Abstract
Objective
To evaluate the risk factors for postoperative urinary retention in women who underwent vaginal hysterectomy for symptomatic pelvic organ prolapse.
Methods
The medical records of 221 women who underwent vaginal hysterectomy with anterior and posterior colporrhapy were reviewed. Urinary retention after catheter removal was defined as the presence of at least one of the following three conditions: 1) failure of first voiding trial necessitating catheterization, 2) first residual urine volume after self-voiding ≥150 mL, and 3) Foley catheter re-insertion.
Results
Urinary retention occurred in 60 women (27.1%). Multivariate and receiver operating characteristic curve analysis revealed that age (>63 years) and early postoperative day of catheter removal (day 1) was independent predictor for postoperative urinary retention. The incidence of urinary retention was significantly higher in women who removed indwelling catheter at day 1 (35.2%) than those at day 2 (12.0%, P=0.024), or day 3 (21.3%, P=0.044), but was similar to those at day 4 (25.0%, P=0.420). In women ≤63 years, urinary retention rate was not associated with the time of catheter removal after surgery; however, in women >63 years, the rate was significantly higher in day 1 removal group than day 2 to 4 removal group.
Conclusion
Age and postoperative day of catheter removal appear to be associated with postoperative urinary retention in women undergoing vaginal hysterectomy for pelvic organ prolapse. Keeping urinary catheter in situ at least for one day after vaginal prolapse surgery could be recommended, especially, in women older than 63 years.
Pelvic organ prolapse is a common disease in women's later life and surgical procedure is needed for correcting most of the symptomatic and/or severe prolapse. Vaginal hysterectomy (VH) with or without colporrhaphy has been one of the most common surgical procedures for the treatment of symptomatic pelvic organ prolapse.
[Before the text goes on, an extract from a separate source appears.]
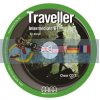 Traveller Intermediate Class CDs 9789604435944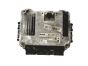 Riadiaca Jednotka 0281011783 9656709780 9654490280 PSA Bosch 30420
Postoperatively, some patients experience voiding difficulty after urinary catheter removal although the exact cause is not fully understood yet. In the literatures, the incidence of postoperative urinary retention (UR) following any type of vaginal prolapse surgery was reported 6% to 29% [123], which appears to be higher than that after VH for other benign diseases [4]. Old age of the patients undergoing vaginal prolapse surgery may be associated with higher incidence of postoperative UR [5]. Other risk factors which has been hitherto known for postoperative UR following vaginal prolapse surgery include high grade cystocele, severe intraoperative blood loss, application of levator and Kelly plication, postoperative pelvic hematoma, and short postoperative day of catheter removal [36]. However, there is no specific guideline regarding the appropriate time for urinary catheter removal after vaginal prolapse surgery.
Relevant studies indicated that there was no significant difference of the incidence of UR in patients of which the urinary catheter was removed in first day versus third day after vaginal prolapse surgery [7]. However, a randomized study demonstrated that first-day catheter removal group had a significantly higher incidence of UR than fifth-day catheter removal group [8]. Re-catheterization event was significantly more frequent in 1-day catheter-use group than 4-day or 5-day catheter-use group [39]. On the other hand, the longer the catheter indwelling time, the higher the incidence of urinary tract infection and longer duration of hospital stay [10]. Therefore, early catheter removal for preventing urinary tract infection has been recommended. Recently, immediate catheter removal has been recommended because the frequency of complications between immediate and first-day catheter removal was similar [11]. Although there are several studies evaluating the appropriate time for catheter removal, there are no consensus on this issue [12]. Moreover, there is no report regarding the incidence of UR according to the postoperative day of catheter removal.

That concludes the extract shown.